Toy parts designed and precisely cut out by a CNC machine from a sheet of ABS plastic.

Benefits of Fiber-Reinforced Plastic

This incredible material offers tremendous advantages over stand-alone plastics.

  • Corrosion Resistance – Because of its ability to maintain integrity, even in water, FRP is excellent for maritime applications. The material remains intact, no matter the environment.
  • Lightweight – FRP is exceptionally light for its strength and durability, making it perfect for civil engineering and aerospace projects.
  • High Strength – The simple addition of fibers to the plastic matrix vastly increases the strength of the product. FRP is highly valued in civil engineering and seismic retrofitting projects for this reason.
  • Impact Resistance – Panels made of FRP retain their shape and integrity even in collisions.
  • Moisture Resistance – Fiber-reinforced plastic won’t warp, crack, or mold when exposed to water. This property makes FRP perfect for oceanic uses.
  • Environmental Friendliness – Since FRP has excellent durability on its own, it does not require hazardous coatings to protect it from the elements. FRP’s long lifespan means it does not require frequent replacement, so there is less waste.
  • Cost-Effectiveness – Compared to other high-end or unique building materials, fiber-reinforced plastic tends to be lower in cost and much more economical.
  • Exceptional Thermal Properties – FRP products provide excellent insulation, making them the perfect choice for many uses.

Engineers, designers, and builders know that FRP is a game-changer for their businesses. With the availability of this incredibly durable, lightweight, and relatively inexpensive product, the sky’s the limit.

Inlet manifold of car engine with fuel injection. Shallow depth of field with the manifold in focus.

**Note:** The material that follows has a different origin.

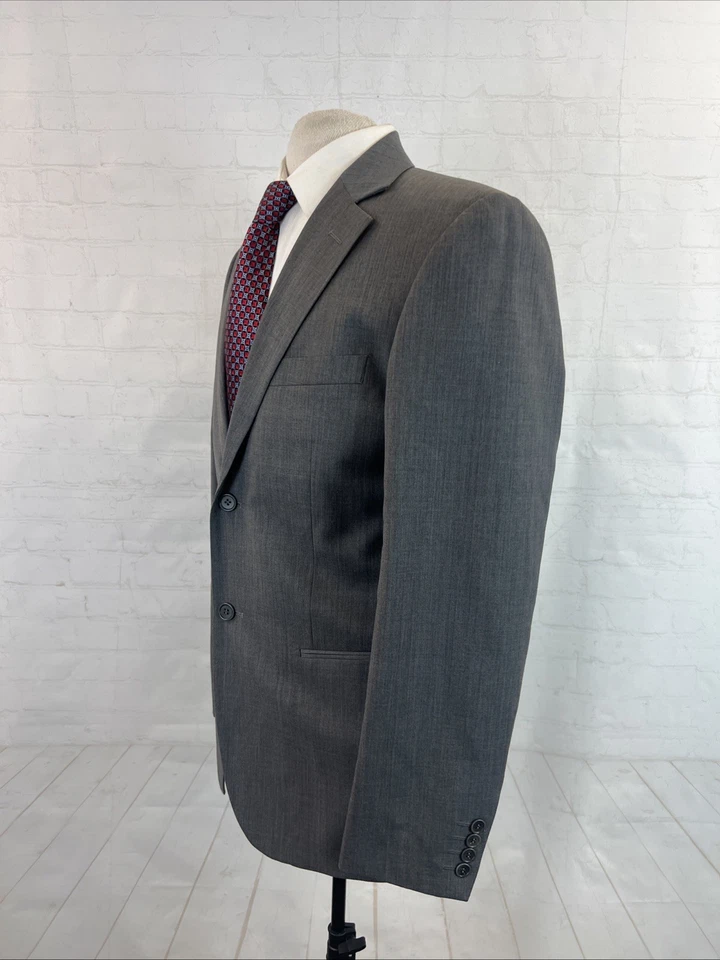 Blazer para hombre Stile Benetton 38R gris oscuro lana lisa dos botones clásico $395 Foto 3 de 4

Who Uses Fiber-Reinforced Plastic?

FRP panels show up in all kinds of applications. No matter where you are in the supply chain, there is likely to be a use for fiber-reinforced plastic. The highly-prized benefits of this material make it ideal for parts manufacturers, designers, and builders. The top industry users of FRP are:

  • Aerospace Industry – The high strength and low weight of FRP make it perfect for aeronautical applications. Aerospace engineers and design teams require materials that can withstand significant pressure and can handle vast changes in temperature. Fiber-reinforced plastic fits the bill.
  • Maritime Industry – Because FRP is less likely to corrode than other materials, it is an ideal candidate for shipping and oceanic purposes. The strength and low weight are also necessary for this industry.
  • Civil Engineering – Structural projects such as bridges, skyscrapers, and seismic updates benefit from the use of fiber-reinforced plastic. In particular, FRP is ideal for projects that involve retrofitting and upgrading existing structures.
  • Automotive Industry – With an unmatched strength-to-weight ratio, FRP is perfectly-suited to car manufacturing. From gas pedals to intake manifolds, this miracle product provides just what the engineer and design crews need to make their ideas a reality.
  • Construction Industry – Aluminum doors and windows often have FRP coatings for insulation.
  • Sporting Goods – FRP no longer exists solely in big engineering industries. It is making its way into homes, gyms, and clubs as part of sports equipment. Hockey sticks, rackets, and bike frames can all make use of FRP products. Sporting items with fiber-reinforced plastic are very lightweight, improving the player’s performance.
  • Other Consumer Goods – As FRP becomes more mainstream, it’s showing up in guitar picks, violin bows, instrument cases, and remote-controlled items. Drone manufacturers also rely on fiber-reinforced plastic.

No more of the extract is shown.